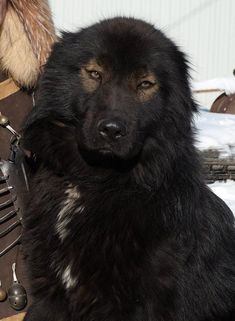 a large black dog sitting on top of a wooden bench next to a snow covered ground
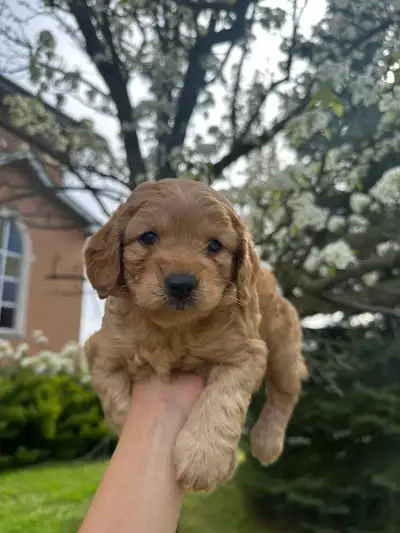F1 Mini Cockapoo Puppies, View more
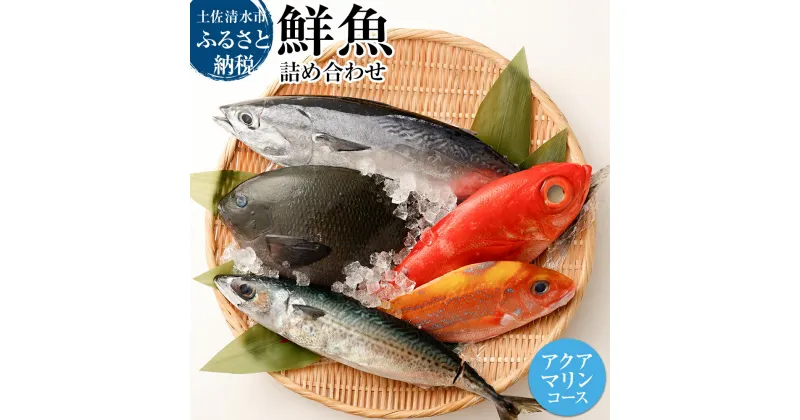 【ふるさと納税】おまかせ！季節の鮮魚 お楽しみセット（アクアマリンコース）鮮魚ボックス 天然魚 食べ比べ 魚介類 海鮮料理 お楽しみ セット 詰め合わせ 鮮魚 魚 お刺身 刺し身 煮付け 15000円 ふるさとのうぜい 故郷納税 返礼品 高知 土佐清水市 【R01094】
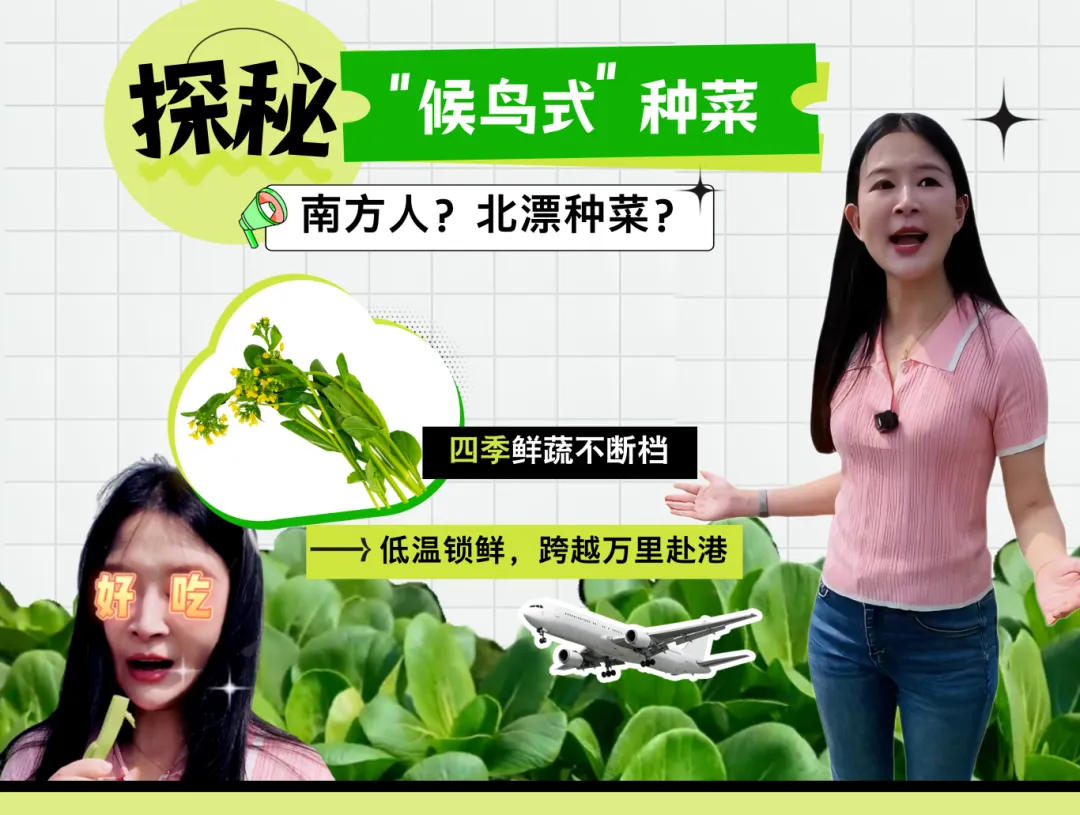 简约图文风机票免费活动宣传手机海报__2025-09-22+21_21_41.png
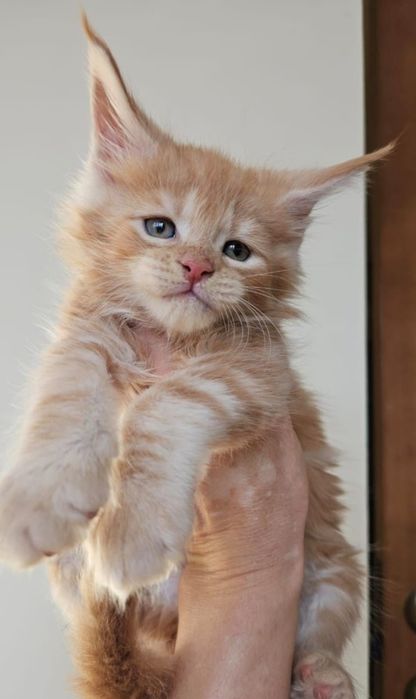 Шикарные Котята Мейн-кун в Рассрочку!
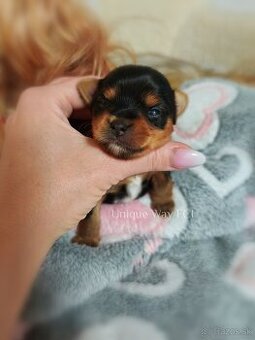 Yorkshire terrier s PP FCI (s preukazom pôvodu/rodokmeňom)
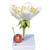 Fleur de cerisier avec fruit (Prunus avium), modèle, 1020125 [T210191], Dicotylédones (Small)
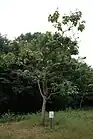 二村山駐車場付近にあるキリ（6月）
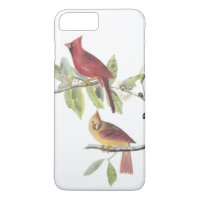 Northern Cardinal by Audubon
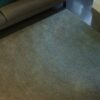 Carpetsign karpet sauvage degrade sf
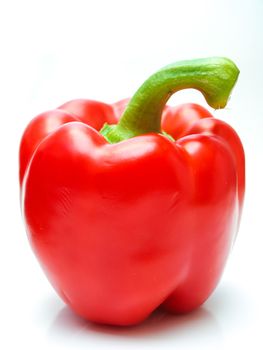 Red pepper isolated towards white background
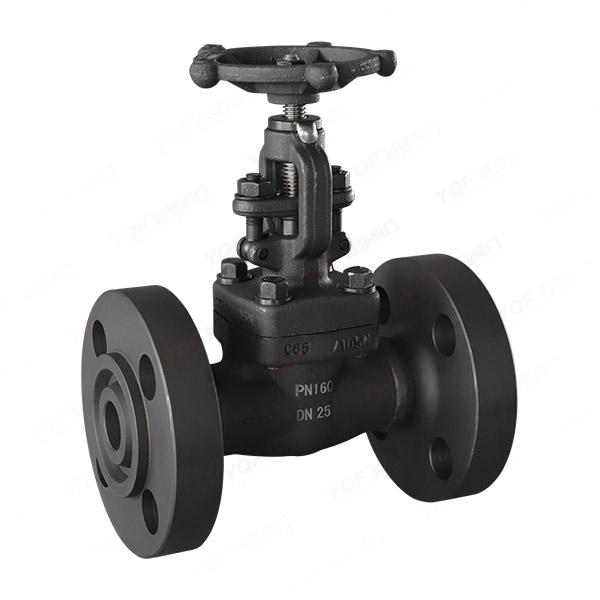 Forged steel flange globe valve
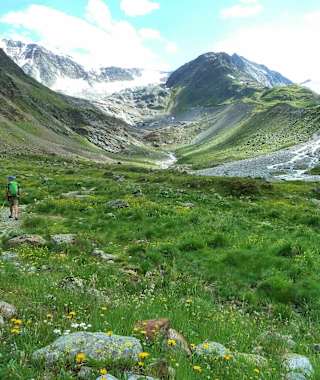 Der grüne Talboden des Taschachtales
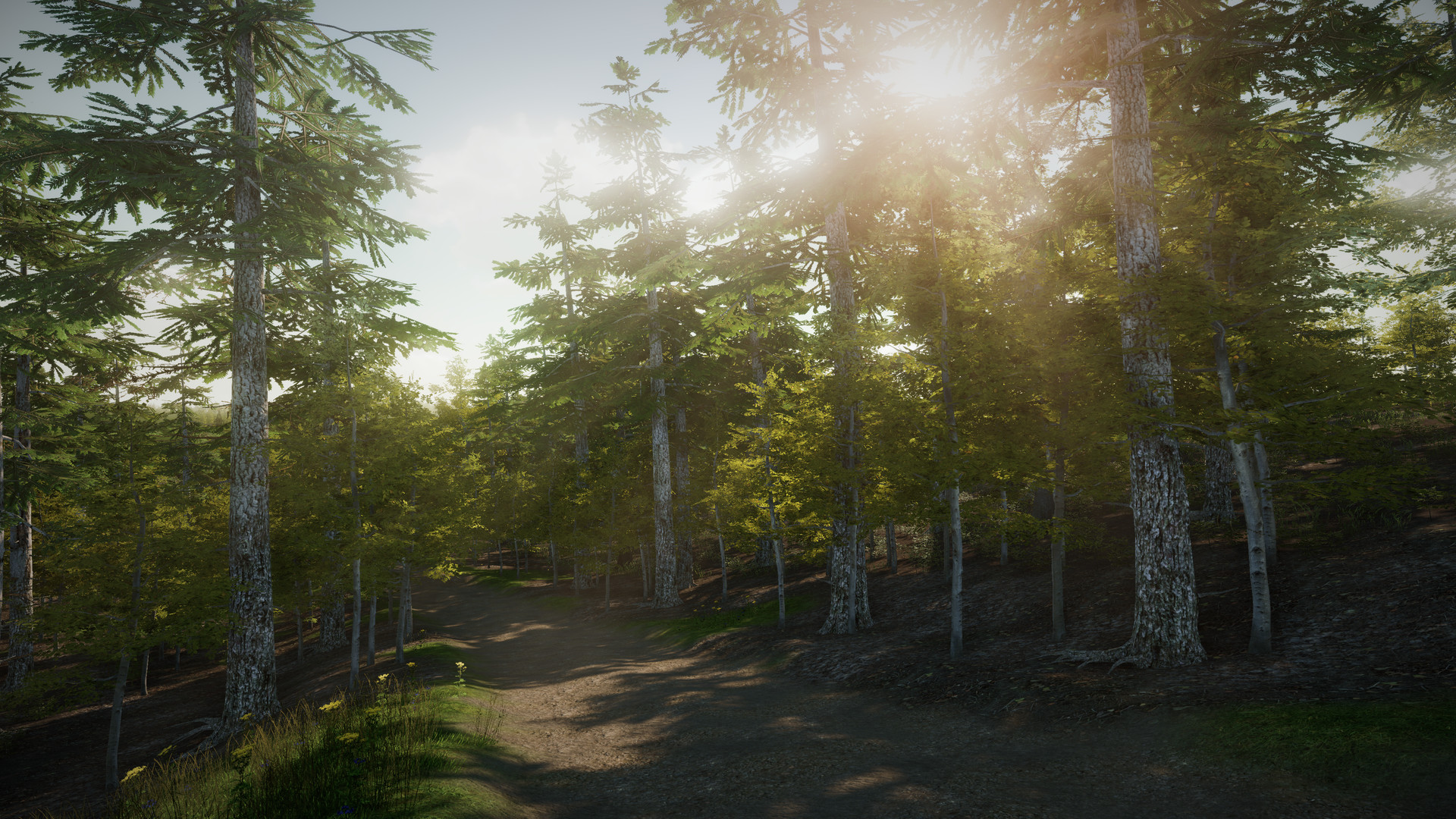 EreaDrone : FPV Drone Simulator screenshot #24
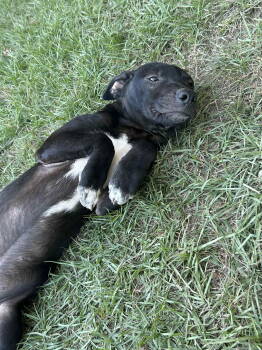 Rescue Mountain Cur Dogs for Adoption in Redfield, Arkansas - Ozzy Ashcraft | PetCurious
◆ ◆ ◆
Leave out the pictures and return the listing exactly.

 a large black dog sitting on top of a wooden bench next to a snow covered ground
F1 Mini Cockapoo Puppies, View more
 【ふるさと納税】おまかせ！季節の鮮魚 お楽しみセット（アクアマリンコース）鮮魚ボックス 天然魚 食べ比べ 魚介類 海鮮料理 お楽しみ セット 詰め合わせ 鮮魚 魚 お刺身 刺し身 煮付け 15000円 ふるさとのうぜい 故郷納税 返礼品 高知 土佐清水市 【R01094】
 简约图文风机票免费活动宣传手机海报__2025-09-22+21_21_41.png
 Шикарные Котята Мейн-кун в Рассрочку!
 Yorkshire terrier s PP FCI (s preukazom pôvodu/rodokmeňom)
 Fleur de cerisier avec fruit (Prunus avium), modèle, 1020125 [T210191], Dicotylédones (Small)
 二村山駐車場付近にあるキリ（6月）
 Northern Cardinal by Audubon
 Carpetsign karpet sauvage degrade sf
 Red pepper isolated towards white background
 Forged steel flange globe valve
 Der grüne Talboden des Taschachtales
 EreaDrone : FPV Drone Simulator screenshot #24
 Rescue Mountain Cur Dogs for Adoption in Redfield, Arkansas - Ozzy Ashcraft | PetCurious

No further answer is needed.